Information given
☆ ☆ ☆ ☆ ☆
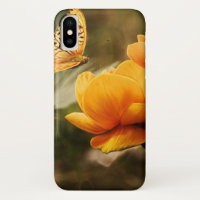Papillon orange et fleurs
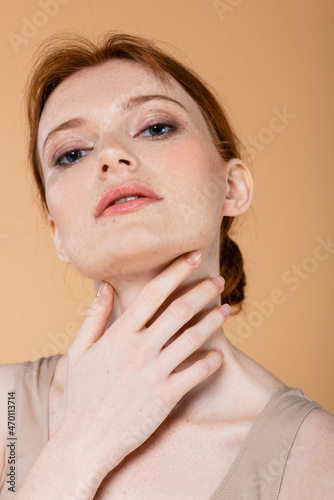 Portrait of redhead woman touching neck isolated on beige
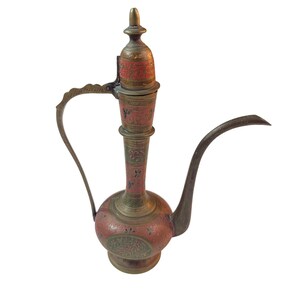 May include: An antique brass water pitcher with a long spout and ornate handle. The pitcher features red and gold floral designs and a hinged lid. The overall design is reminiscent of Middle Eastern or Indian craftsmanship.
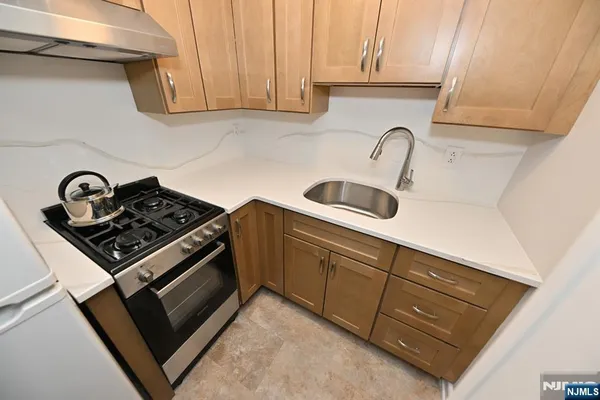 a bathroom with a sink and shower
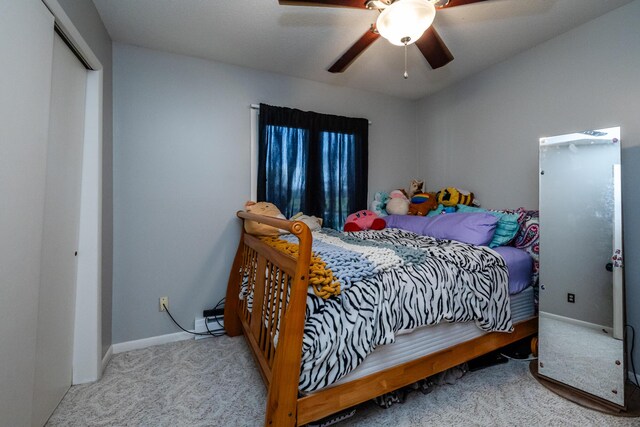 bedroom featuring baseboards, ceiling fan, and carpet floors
☆ ☆ ☆ ☆ ☆
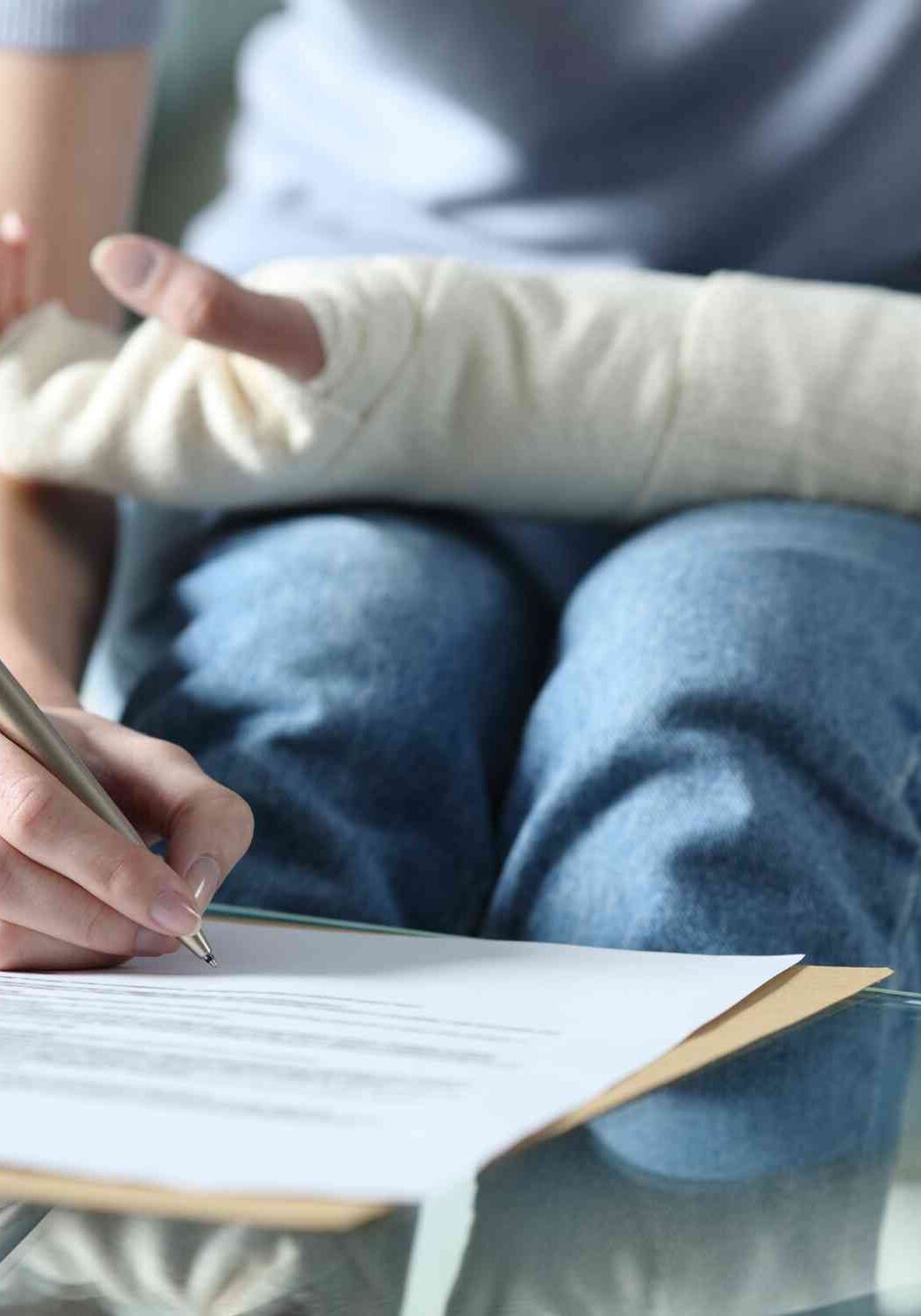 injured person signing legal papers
☆ ☆ ☆ ☆ ☆
The problem
Look above for the line with "Portrait of redhead" and copy exactly from it through the line with "a bathroom with a sink and shower", both included. Omit the pictures.

Result of this exercise
 Portrait of redhead woman touching neck isolated on beige
 May include: An antique brass water pitcher with a long spout and ornate handle. The pitcher features red and gold floral designs and a hinged lid. The overall design is reminiscent of Middle Eastern or Indian craftsmanship.
 a bathroom with a sink and shower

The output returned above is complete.